Vous êtes plutôt saut ou buisson ?
Linux : OpenSUSE Leap, aussi conservatrice que stable et efficace

Dans notre série d’articles sur les distributions Linux moins courantes, nous passons à openSUSE dans sa version Leap. Après deux systèmes en rolling release, retour à une distribution plus classique, jouant cette fois la carte de la stabilité avant tout.

openSUSE existe depuis bien longtemps et son caméléon vert est largement connu. La société allemande a été créée en septembre 92, et si elle commercialisait surtout des manuels au début, elle a vite distribué des systèmes comme Slackware. Elle s’est fait une place dans les mondes Unix puis Linux, offrant ses services pour l’accompagnement des installations, l’entretien, etc.

C'est l'histoire d'un caméléon allemand...

Pour prendre la mesure des transformations intervenues depuis, imaginez que SUSE 1.0 était essentiellement une version traduite en allemand de Slackware. Si l’on en croit l’un des employés de l'époque, Bodo Bauer, la décision d’avoir sa propre distribution venait du fait que les développeurs de SUSE étaient fatigués de toujours corriger les mêmes bugs signalés aux développeurs de Slackware (surtout Patrick Volkerding), mais non pris en charge.

SUSE va alors s’appuyer sur une distribution aujourd’hui disparue, Jurix. Son auteur, Florian La Roche, est embauché en janvier 1995 et commence à travailler sur un outil d’installation et d’administration du système qui deviendra célèbre : YaST, pour « Yet another Setup Tool ». Pour marquer la différence, la deuxième version de SUSE est estampillée 4.2 et non 1.1, en référence au nombre 42. Même la première version de YaST est numérotée 0.42.

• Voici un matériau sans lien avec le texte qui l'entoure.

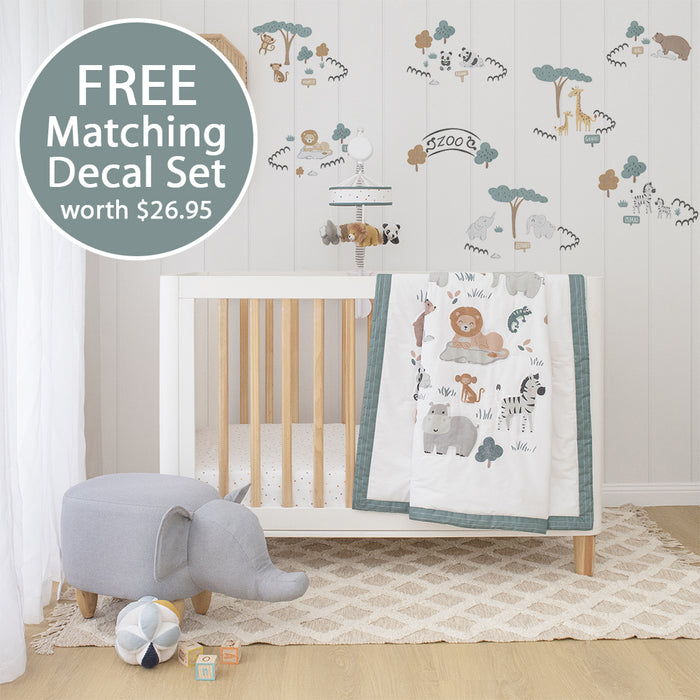 Living Textiles | 4-piece Nursery Set - Day at the Zoo + Free Matching Decal Set - Lozza’s Gifts & Homewares 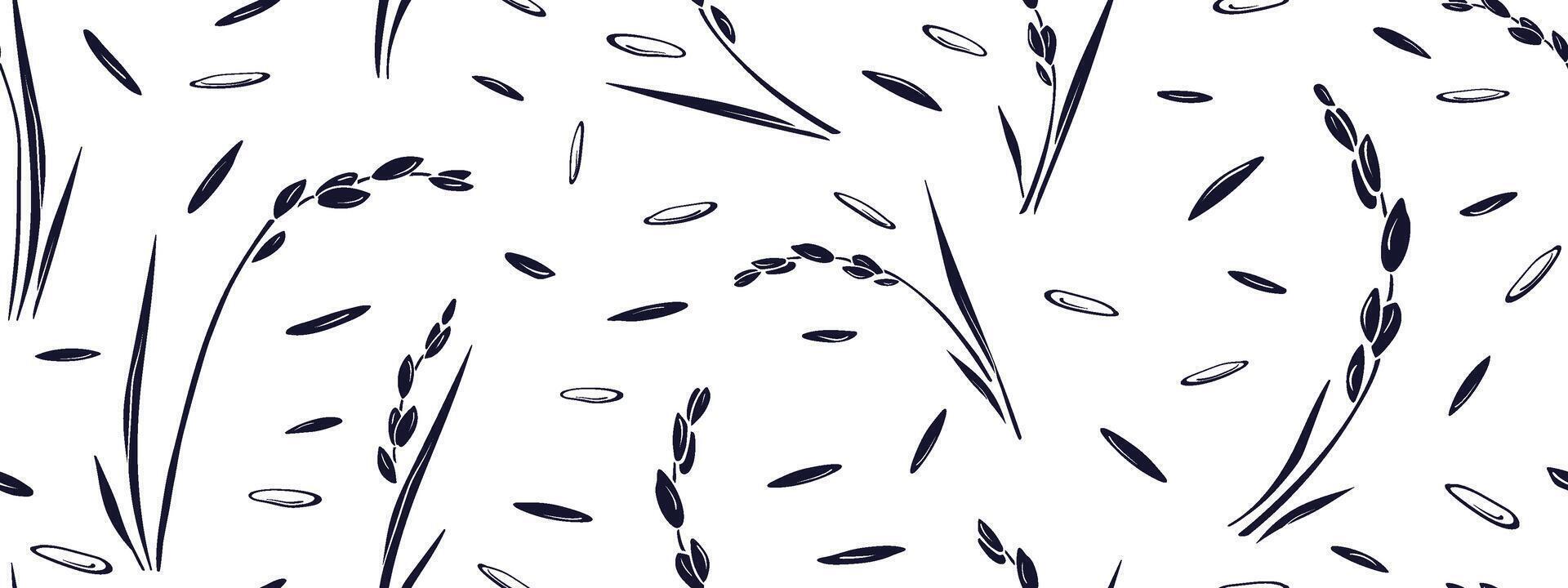 Rice seed pattern. seamless package design vector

Avance rapide jusqu’aux années 2000, où plusieurs gros évènements interviennent. D’abord le rachat par Novell en 2003 pour 200 millions de dollars. En 2004 sort YaST 2 sous licence GPL, achevant la transformation de SUSE Linux en système totalement libre. Novell annonce en 2005 qu’une distribution communautaire sera proposée, sur le modèle de Fedora chez Red Hat : openSUSE. La première version, numérotée 10.0, fut proposée la même année.

openSUSE : deux déclinaisons (aucune à base de gentiane)

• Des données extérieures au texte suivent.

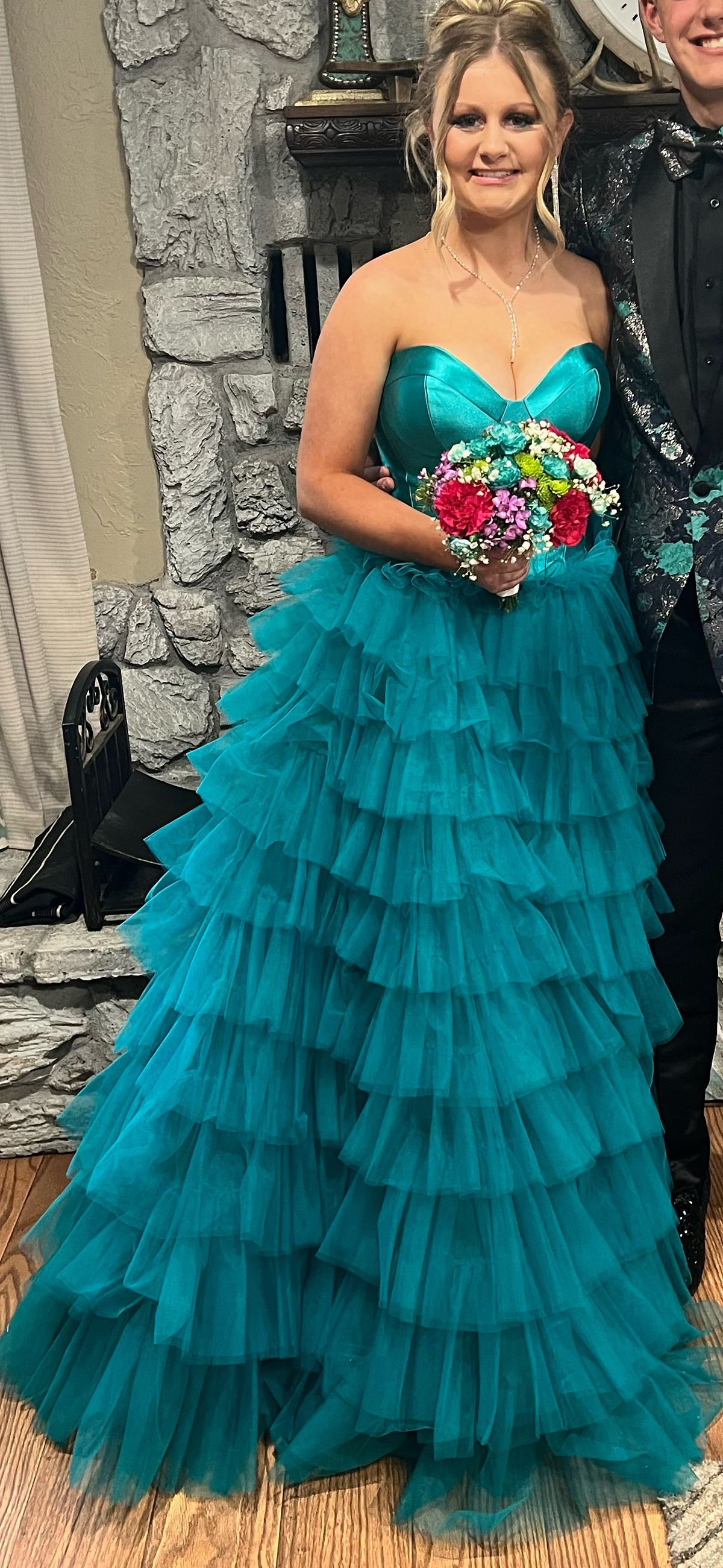 Sherri Hill Size 6 Prom Strapless Blue Ball Gown on Queenly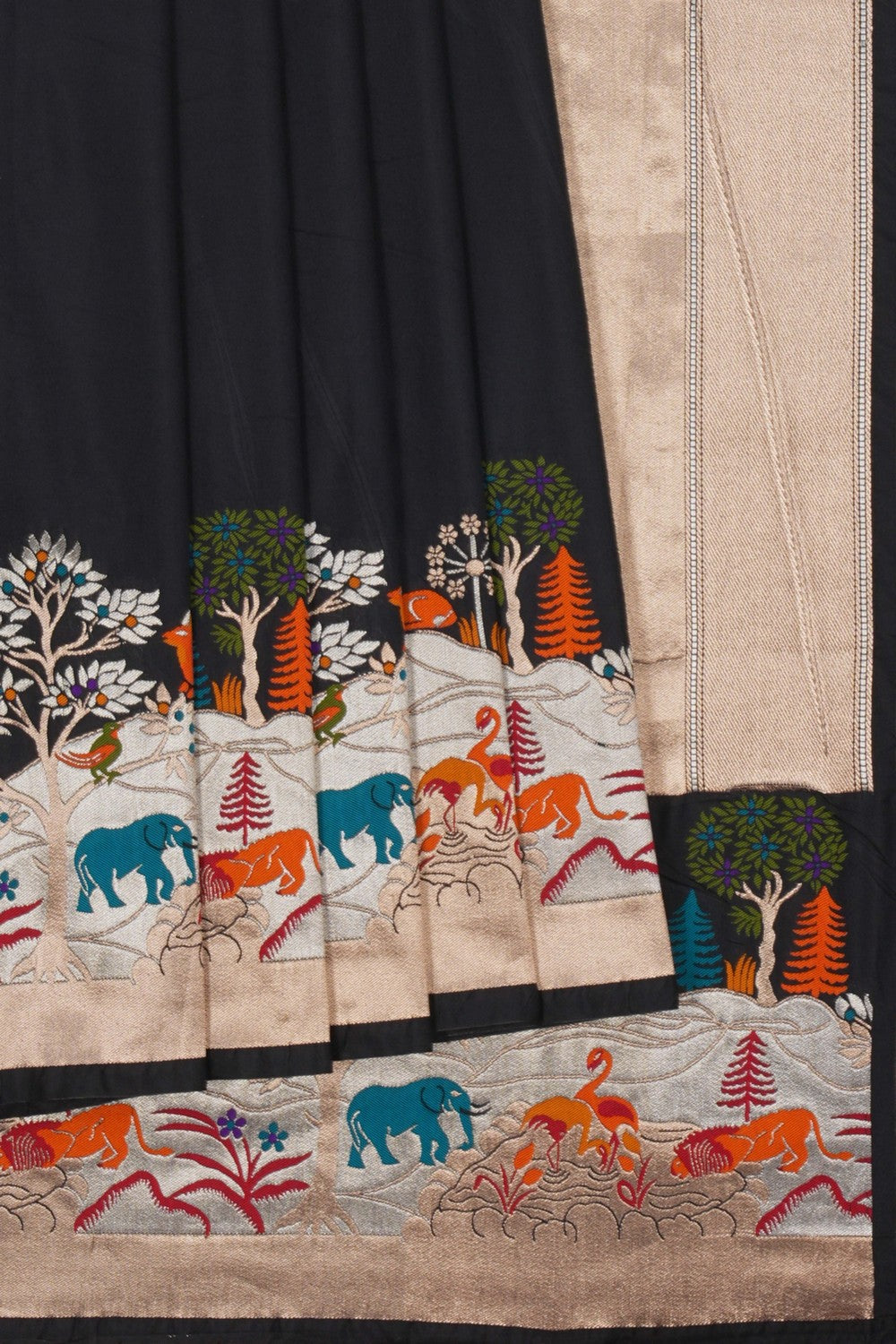 Image of Banarasi Silk Black Saree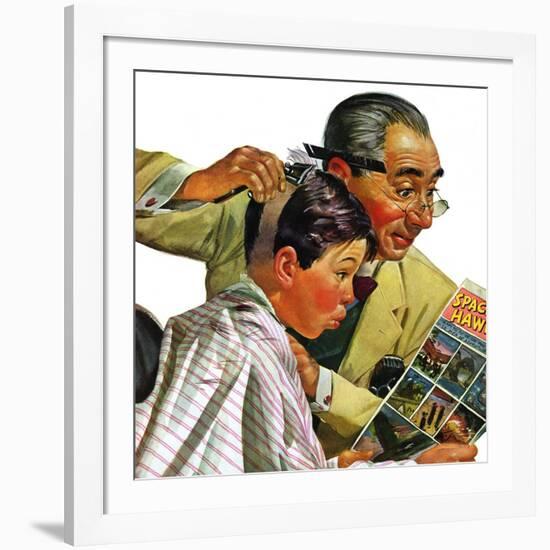 "Comical Haircut," February 27, 1943-Howard Scott-Framed Giclee Print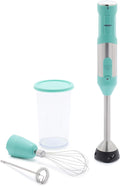 GreenLife 500-Watt Immersion Electric Handheld Stick Blender with Stainless Steel Blades, Whisk, Frother, Measuring Cup and Lid, Soups, Puree, Cake, Multi-Speed Control, Portable, Turquoise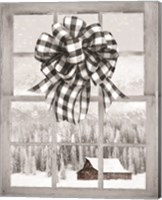 Christmas Barn with Bow Fine Art Print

Aujourd’hui, openSUSE est donc le laboratoire de SUSE Linux Enterprise (SLE), exactement comme Fedora l’est pour Red Hat Enterprise Linux (RHEL). Il faut toutefois distinguer deux versions : Leap et Tumbleweed. La première, signifiant « Saut », est basée sur les composants de SLE et avance donc par bonds. Tumbleweed (les buissons roulants dans certains déserts) est au contraire une rolling release et reçoit constamment des nouveautés.

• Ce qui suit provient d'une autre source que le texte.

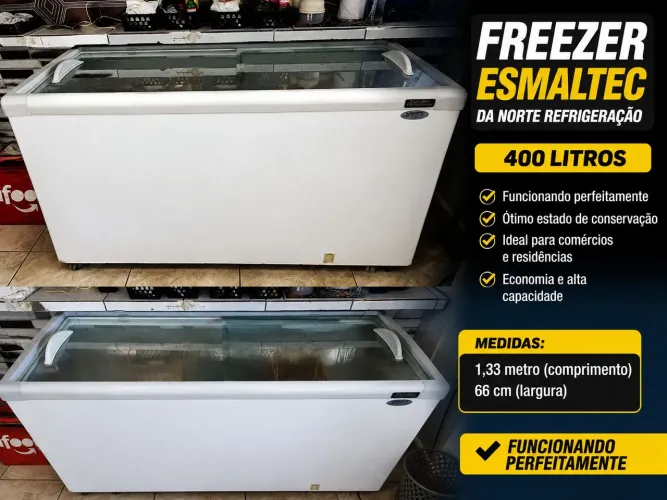 Freezer Esmaltec 2 tampas de vidro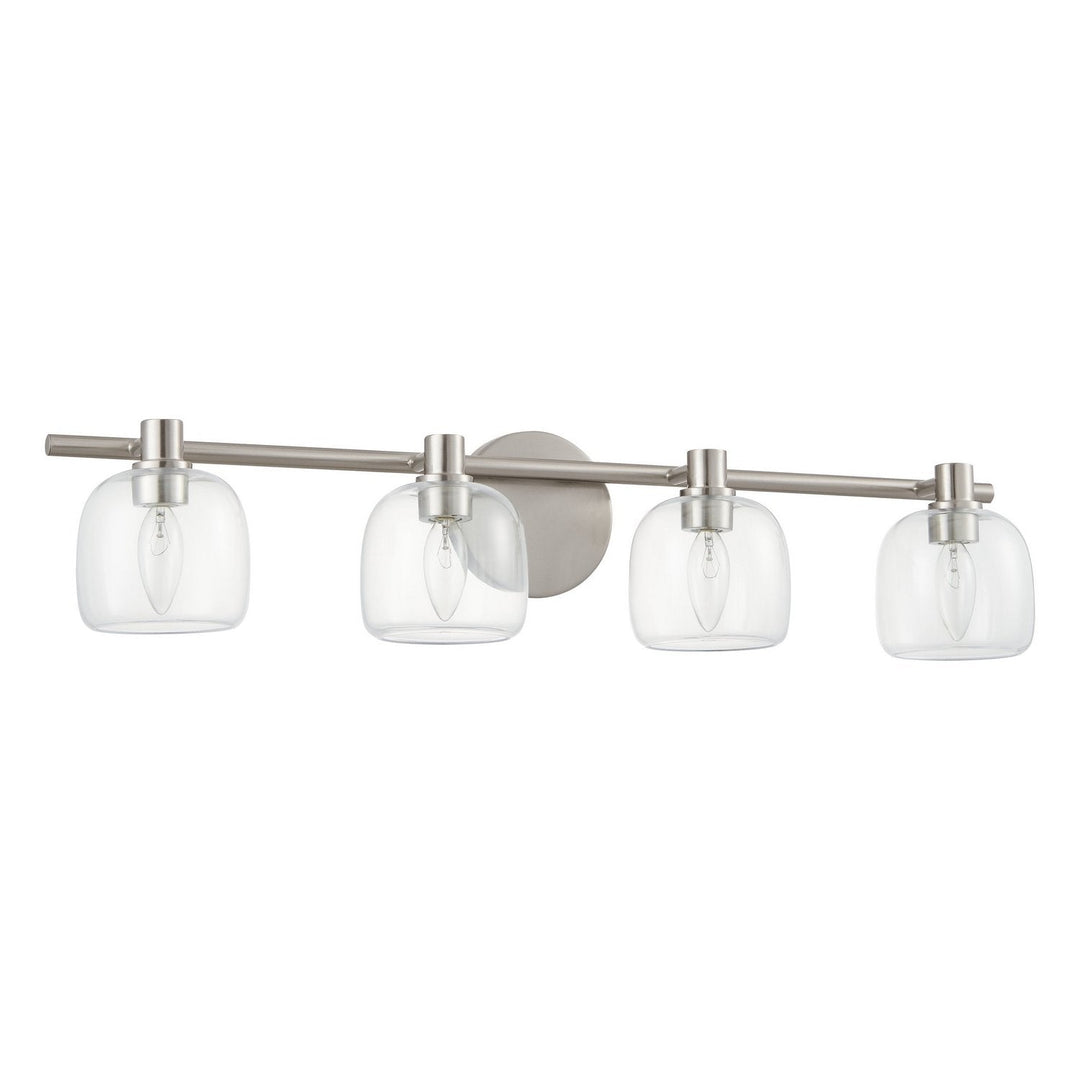 Valentina Four Light Vanity in Brushed Nickel, Clear Thesis Canada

Nous avons ici décidé de nous focaliser sur la première après deux distributions en rolling release, Manjaro et Solus. Avec Leap, nous revenons vers un modèle plus classique de versions successives. Le changement est d’autant plus sensible que l’on passe d’ailleurs de systèmes utilisant des composants récents à Leap, connu pour son conservatisme au moins aussi grand que celui de Debian, avec un seul objectif : la stabilité avant tout.

Pour ceux qui connaissent le monde Linux depuis longtemps, elle se présente réellement comme une distribution « à l’ancienne », avec une grosse image ISO laissant le choix d’utiliser n’importe quel environnement de bureau. Le système a longtemps privilégié KDE, mais est devenue neutre, la sélection de l’environnement ne devant répondre qu’aux goûts de l’utilisateur. Nous sommes tout de même resté sur KDE, pour changer de GNOME.

Notre dossier sur les distributions Linux « secondaires » :

Installation et prise en main

L’image ISO d’openSUSE Leap 15.3 – sa version la plus récente – est un gros bébé de 4,8 Go. Il existe une image net install de moins de 150 Mo pour ceux qui le souhaitent. Elle est plus rapide à télécharger, plus pratique en cas d’espace limité, proposant de sélectionner précisément ce que l’on souhaite installer.

La procédure ne réserve pas de surprise particulière. On retrouve des panneaux classiques, les questions habituelles et les choix courants. Qu’importe son apparence ou l’ordre des choix, on aboutit toujours aux mêmes renseignements : la langue du système et du clavier, le fuseau horaire, la création du premier compte, le formatage des partitions, etc. Seul le choix de l’environnement de bureau sort un peu des sentiers battus.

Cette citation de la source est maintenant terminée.